Trump sees talks with NKorea only under 'right conditions'
WASHINGTON (AP) — President Donald Trump on Monday responded to an overture from North Korea for talks with the U.S., saying that will happen only "under the right conditions."
Trump raised North Korea at an annual White House meeting with the nation's governors after a North Korean envoy sent a message through South Korea on Sunday. The envoy said the North has "ample intentions" of holding talks with the U.S.
The White House said in response that it would take a wait-and-see approach. Trump followed up Monday.
"We want to talk only under the right conditions," Trump said. The administration's position is that North Korea must get rid of its nuclear and missile programs before any talks can take place. The U.S. has applied a series of sanctions, including a fresh round on Friday, in what it says is a "maximum pressure campaign" to force North Korea to disarm.

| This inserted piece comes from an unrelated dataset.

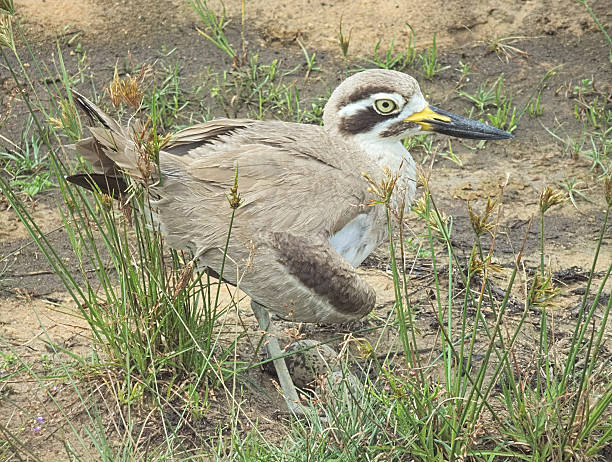 istock Great Stone Curlew, or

The Trump administration says it's open to talks with North Korea, primarily to explain how America will maintain its pressure on the country until it takes steps toward eliminating its nuclear weapons. U.S. officials differentiate talks from negotiations. For those to occur, they first want Pyongyang to accept that its nuclear program will be on the table.
Speaking to the governors, Trump praised Chinese President Xi Jinping for bolstering his country's sanctions against the North and warned that Russia is "behaving badly" on the issue of sanctions.
"Russia is sending in what China is taking out," Trump said.
During Sunday's closing ceremony for the Olympics Games, the office of South Korean President Moon Jae-in announced that a North Korean delegate to the Olympics said his country is willing to hold talks with the U.S. The move comes after decades of tensions between the two countries, which have no formal diplomatic relations, and a year of escalating rhetoric, including threats of war, between Trump and North Korean leader Kim Jong Un.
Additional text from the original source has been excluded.